This cache poisoning is rather easy to exploit as an attacker can setup their own API and return arbitrary content for any path. This allows them to completely overwrite any entry in the victim's cache, effectively allowing them to completely control the content of the victim's API.

Request Smuggling

Amit Klein's Bug

At Black Hat USA 2020 Amit Klein presented a request smuggling based on 2 "Content-Length" headers ("CL.CL" request smuggling). The bug could be triggered when Squid was used as a reverse proxy in front of the Abyss web server using the following requests sent in the same connection:

The first request, shown in green, contains two "Content-Length" headers – 1 mutated and the other unmutated. Squid will only parse the unmutated header, and will take the length of the first request's body to be 33 bytes, which is shown in blue. Squid then takes the second request to be the one shown in red – a "GET" request to "/doesntexist".

Abyss on the other hand will parse both the mutated and unmutated "Content-Length" headers, and takes the values of 0 bytes from the mutated header. It therefore thinks that the second request is the one which starts in blue – a "GET" request to "/a.html".

The total effect of this is that Abyss responds with the content for "/a.html", and Squid caches this response for the path "/doesntexist", giving cache poisoning.

Methodology Background

Klein's research is particularly interesting as it showed that CL.CL request smuggling exists in modern systems, despite it being a bug that felt almost too simple. Klein worked in a white box scenario to find this vulnerability, though I set out to find a methodology which could detect CL.CL request smuggling in black box scenarios.¹

James Kettle's research which popularised request smuggling presented a simple methodology for safely detecting request smuggling based on a "Content-Length" and a "Transfer-Encoding" header ("CL.TE" and "TE.CL" request smuggling) using timeouts. This methodology attempts to cause the back-end to expect more content than is forwarded by the front-end to trigger a timeout from the back-end. By scanning for CL.TE request smuggling first, it's possible to minimise the risk of affecting other users' requests when testing a vulnerable system.

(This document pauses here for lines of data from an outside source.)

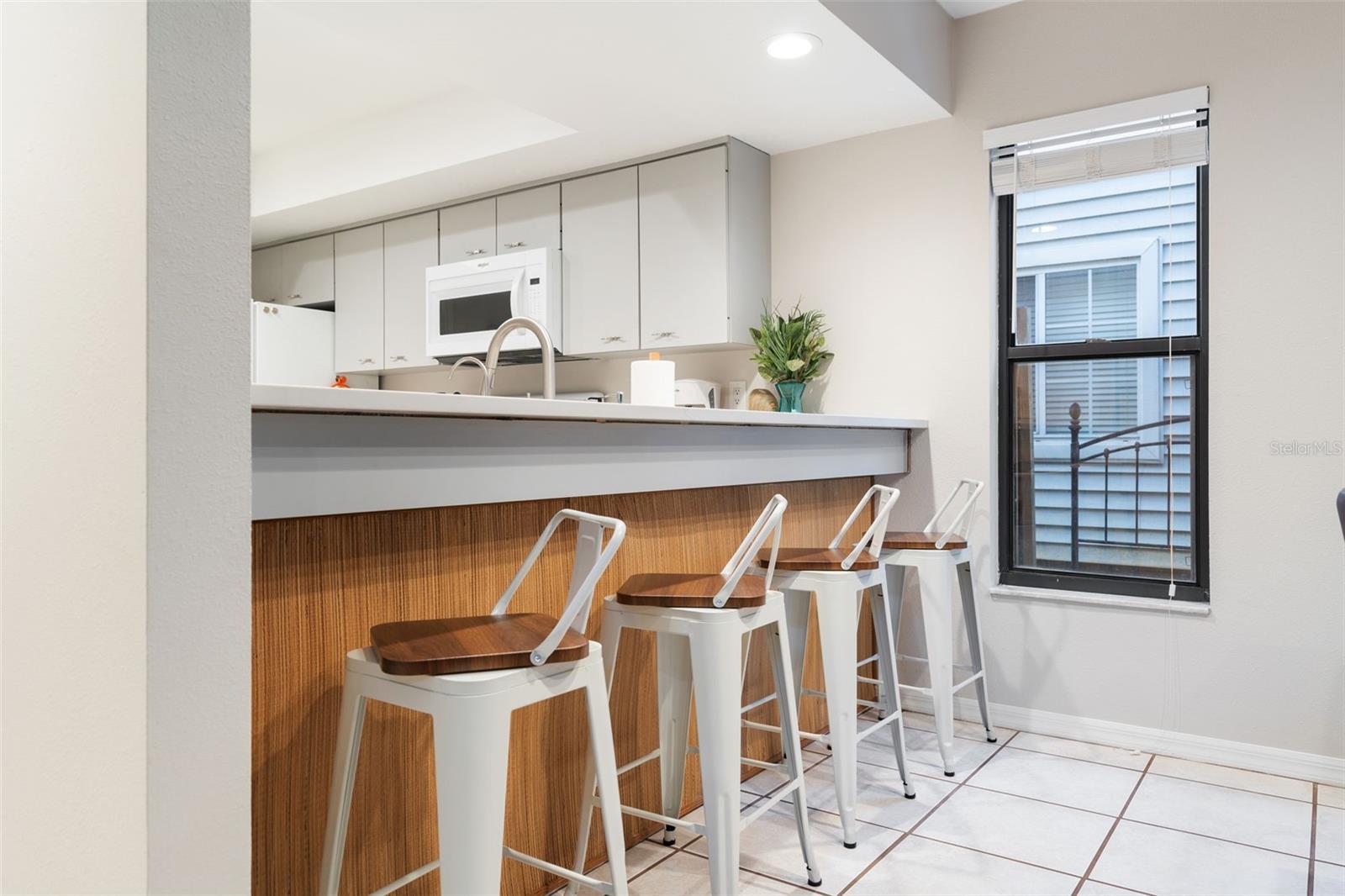 RAINTREE VILLAGE - Residential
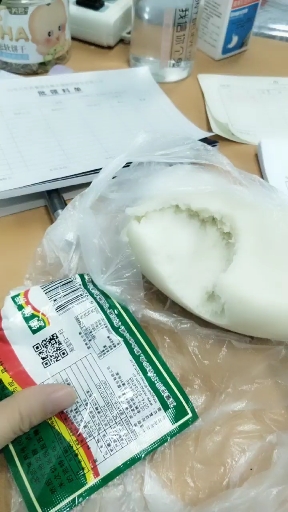 吃不起肉了, 馒头配榨菜了
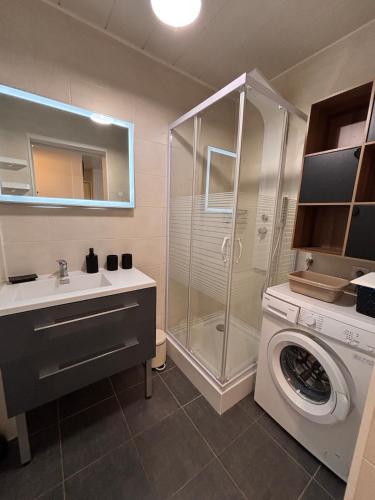 Koupelna v ubytování Le Central parking et 15 minutes à pied du lac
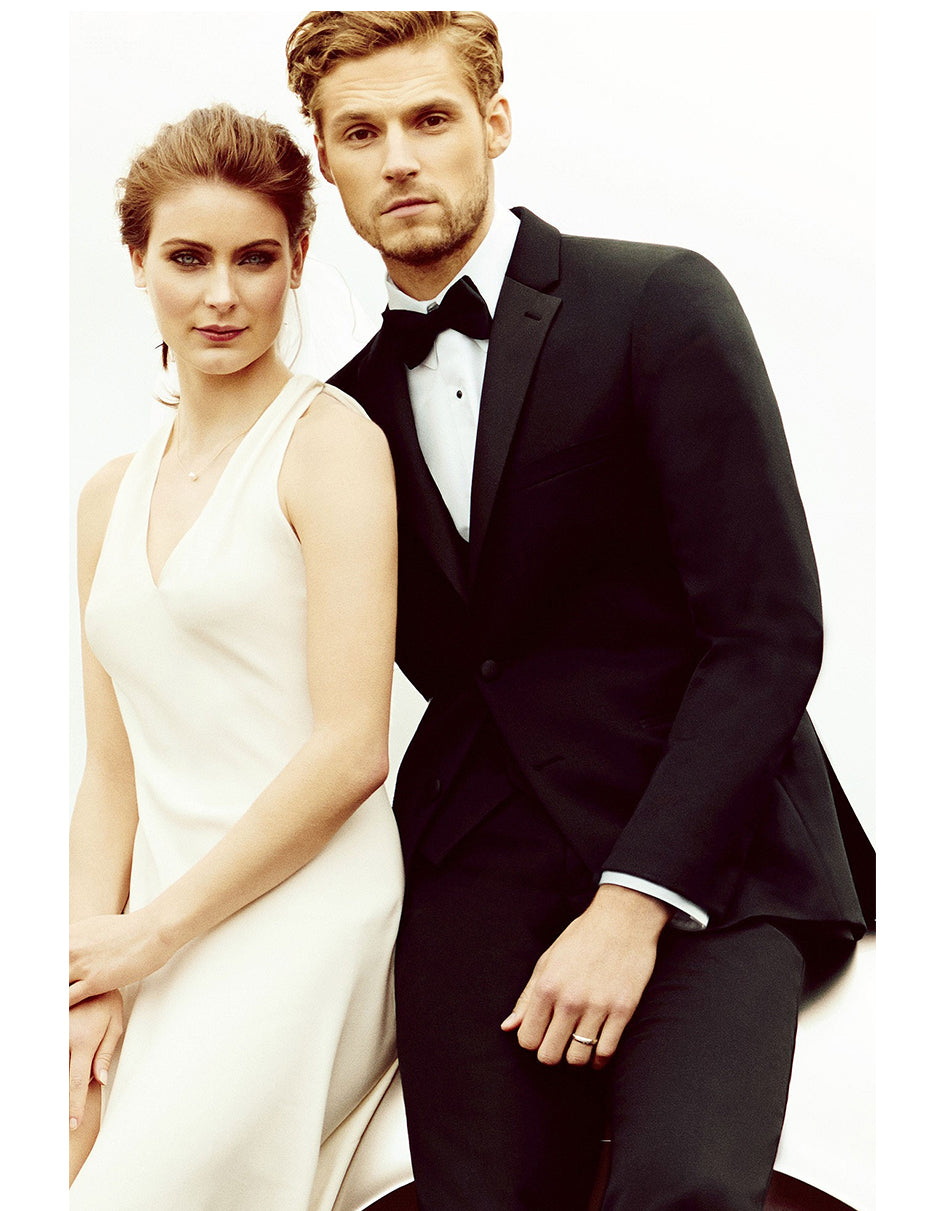 Mens Classic Black  Designer Wedding Tuxedo - Men's Tuxedo USA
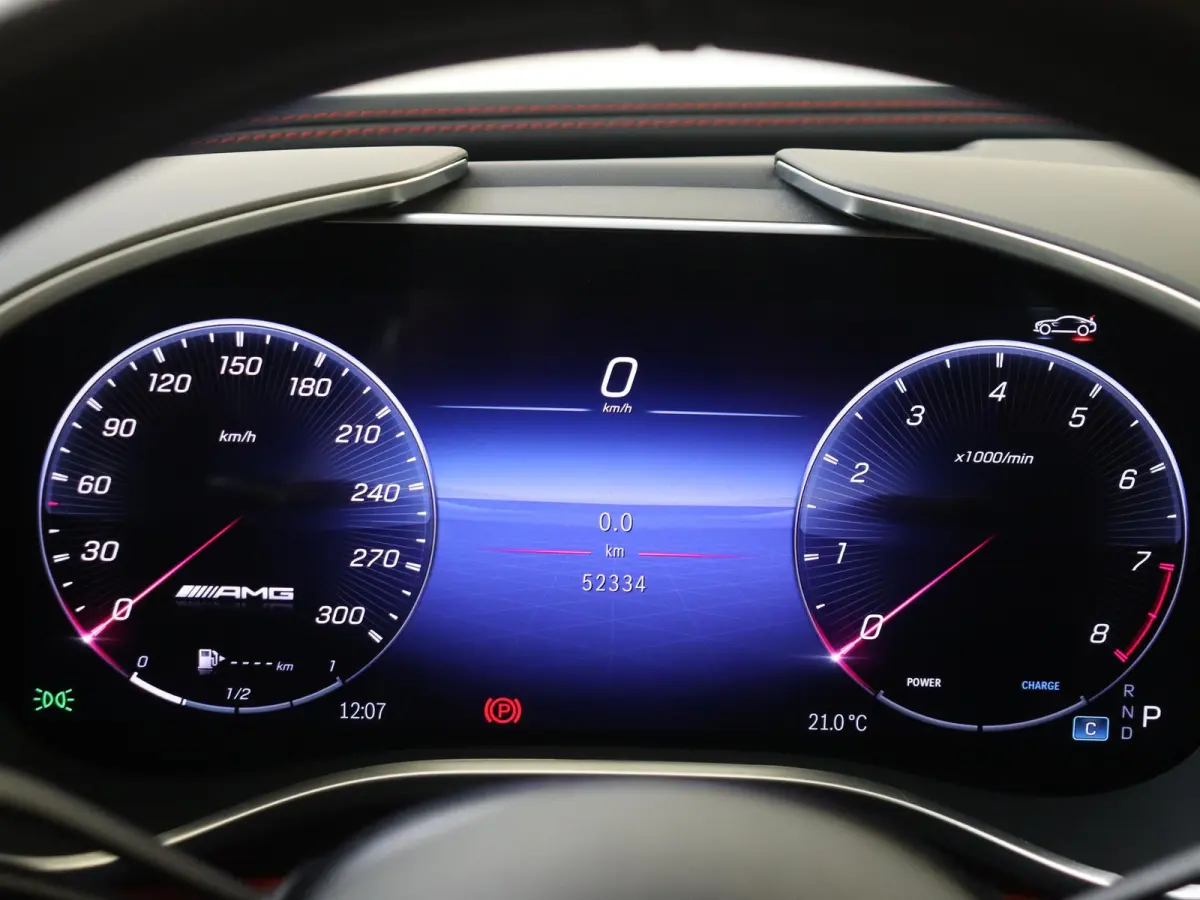 Roadster AMG 43 / V8 Styling/ 21 inch/ Burmester/ Stoelverwarming- & Ventilatie/ Perf. uitlaat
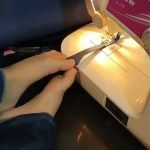 Žena bez ruku izrađuje maske za lice svojim nogama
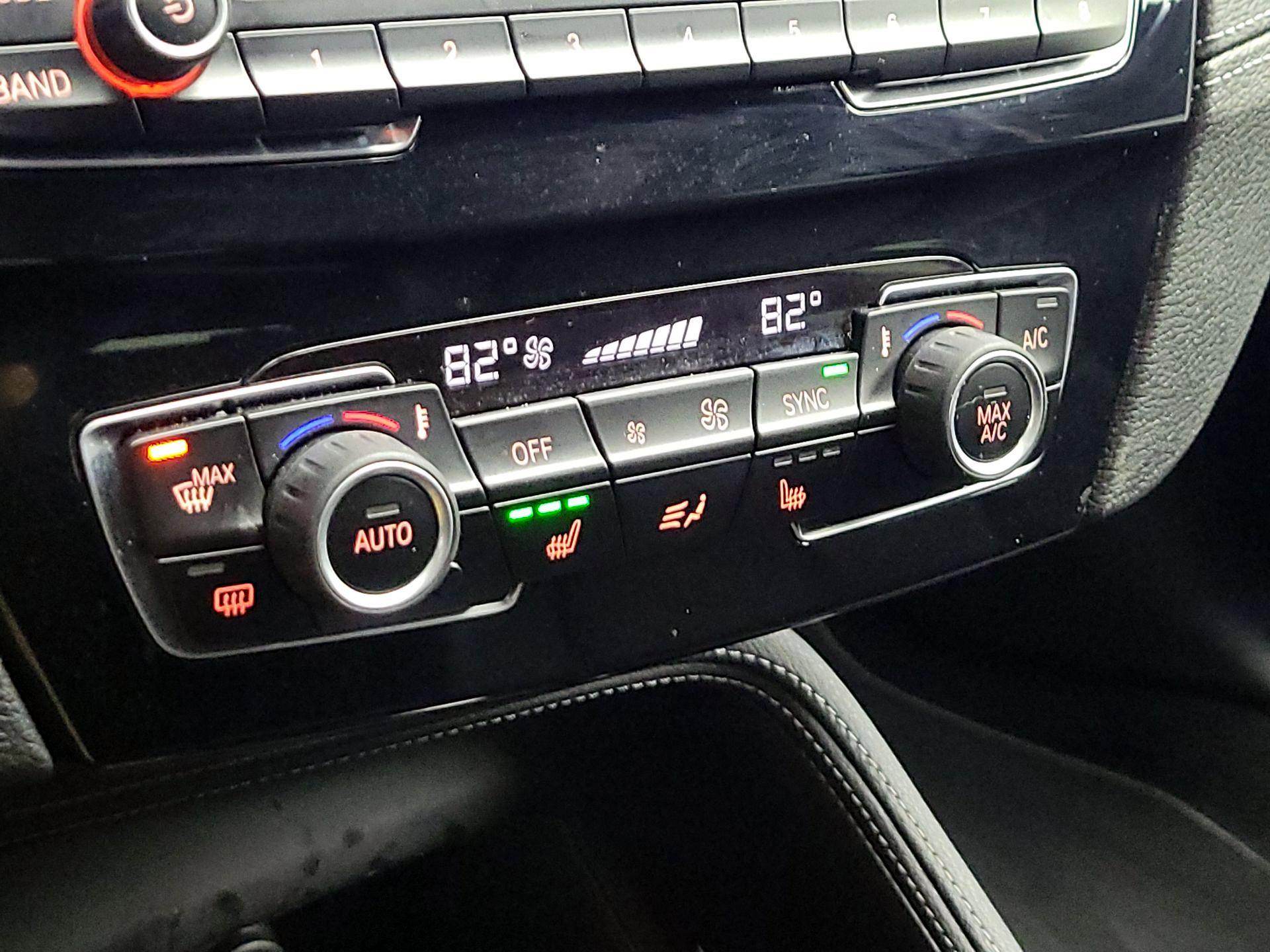 Thumbnail: 2022 BMW X1 - 17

An attempt to do the same with CL.CL request smuggling might look similar to the following:

Against a vulnerable system where the front-end reads the unmutated "Content-Length" header and the back-end reads the mutated version, this will usually cause a timeout. Though in the case of the Squid and Abyss setup, no timeout will be caused as Abyss does not wait for the body to be sent before replying to the "POST" request.

The danger comes when this request is sent to a vulnerable system where the front-end reads the mutated header, and the back-end reads the unmutated version. The front-end server will forward the "z" body, which the back-end server will believe to be the start of the next request. The socket has then been poisoned, and there is a high chance of another user's request failing due to the backend server seeing the request method as, for example, "zGET"².

If we don't know which "Content-Length" header the front-end server is going to parse, we have a 50% chance of causing a timeout in a vulnerable system, and a 50% chance of poisoning the socket, potentially causing another user's request to fail.

Methodology

The methodology used to detect header smuggling can be modified slightly to create a safe CL.CL request smuggling detection methodology. The following example shows how this modified methodology can be used to detect Klein's bug in Squid and Abyss.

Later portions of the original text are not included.